Warsaw play Rafters, Manchester.

“This was Steve Brotherdale’s first gig. A running-order squabblefest with Fast Breeder led to us meeting a pre-Factory Alan Erasmus for the first time, as well as speaking to Martin Hannett by telephone.”

July 1977

Warsaw enter ‘A Talent Contest’, the Stocks, Walkden.

“This was run by an agency from Bolton and the Stocks wasn’t far from where I lived. The idea was that you just turned up and played and if you were good the agency would sign you up.

Perfect
, we thought.
We can’t go wrong.

Things started to go wrong straight away, though, when the proper old-school compere asked us how we’d like to be introduced. Result: blank faces all round.

After struggling to get anything out of four inarticulate punks, he blurted out, ‘Do you like Deep Purple?’

And with that he left for his build-up to a coachload of old ladies from the Farnworth Flower Arranging Club, during which he said the immortal lines: ‘If you like Deep Purple you’ll love these lads! Put your hands together for Warsaw!’

We trudged on and played but were too loud: our volume kept tripping the DB meter on stage, which then cut the power to our amps. Chaos. The old ladies all had their hands over their ears. We struggled through for a couple of numbers until Ian stormed off in disgust. When we went back into the dressing room to commiserate, he was buzzing.

‘The female singer before us was changing when I came in,’ he said. ‘Saw her tits!’

With that we packed up and drove to the Ranch, where Foo Foo let us set up and play. Great gig; went down a storm. Those were the days. The Ranch was our regular haunt for ages, marred only by us getting chased by Teddy Boys occasionally. But it came to an abrupt end when the cloakroom gave Barney’s leather jacket away one night – he went ballistic and we were barred.”

18 July 1977

The Warsaw demo session, Pennine Sound Studios, Oldham. Tracks recorded: ‘Inside the Line’, ‘Gutz for Garters’, ‘At a Later Date’, ‘The Kill’ and ‘You’re No Good for Me’. These are the only recordings to feature Steve Brotherdale on drums.

20 July 1977

Warsaw play Tiffany’s, Leicester, supporting Slaughter & the Dogs.

16 August 1977

The Buzzcocks sign to United Artists on the bar of the Electric Circus. Elvis Presley dies.

27 August 1977

Warsaw play Eric’s, Liverpool, supporting X-Ray Spex. This is the band’s first gig with Steve Morris, comprising two slots at the legendary Liverpool venue: a matinee in the afternoon for children and then an evening show.

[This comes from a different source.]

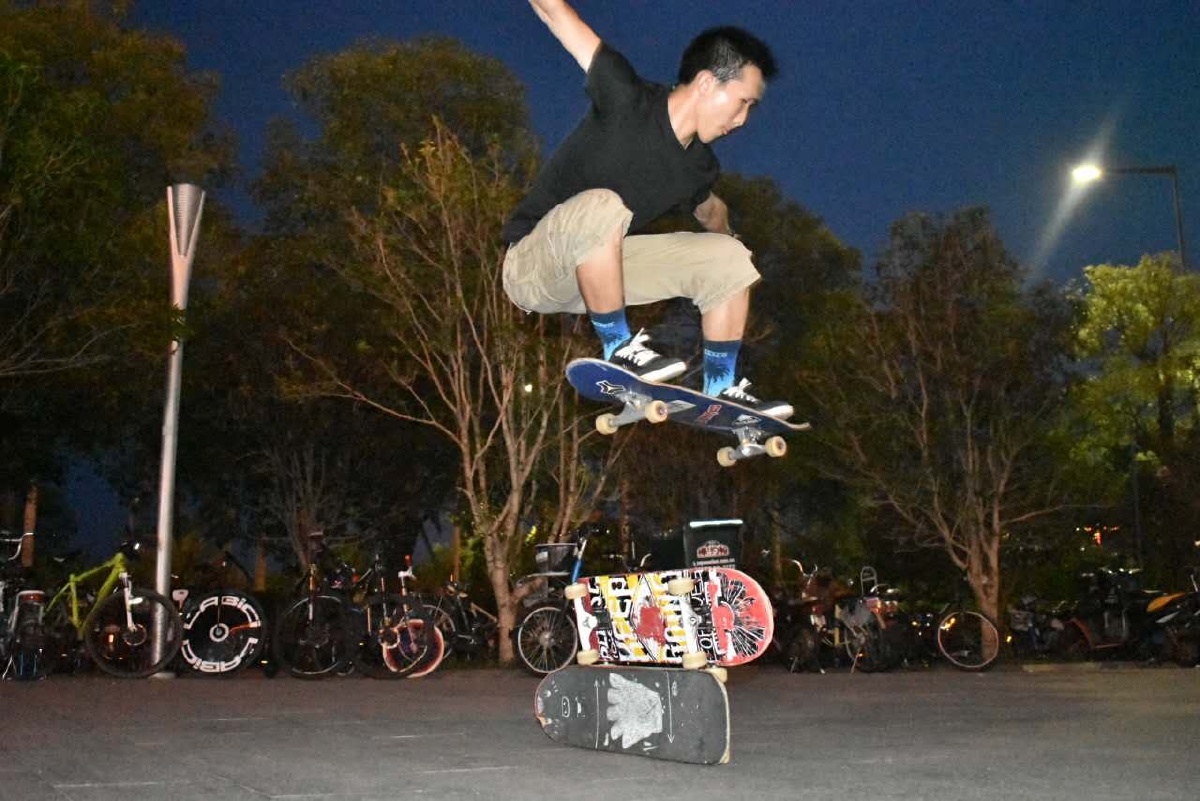 滑板拍摄姿势一定要帅,相机角度要低.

“Roger Eagle was a really nice guy. It struck you straight away, as soon as you met him, that he was different to other people. He was just a really nice bloke who loved music and looked after you.”

14 September 1977

Warsaw play the Rock Garden, Middlesbrough. Set list: ‘Reaction’, ‘Inside the Line’, ‘Leaders of Men’, ‘Novelty’, ‘At a Later Date’, ‘Tension’, ‘The Kill’, ‘Lost’.

“Bob Last, the promoter, came into the dressing room after the gig. ‘Anyone want a tape?’ he said.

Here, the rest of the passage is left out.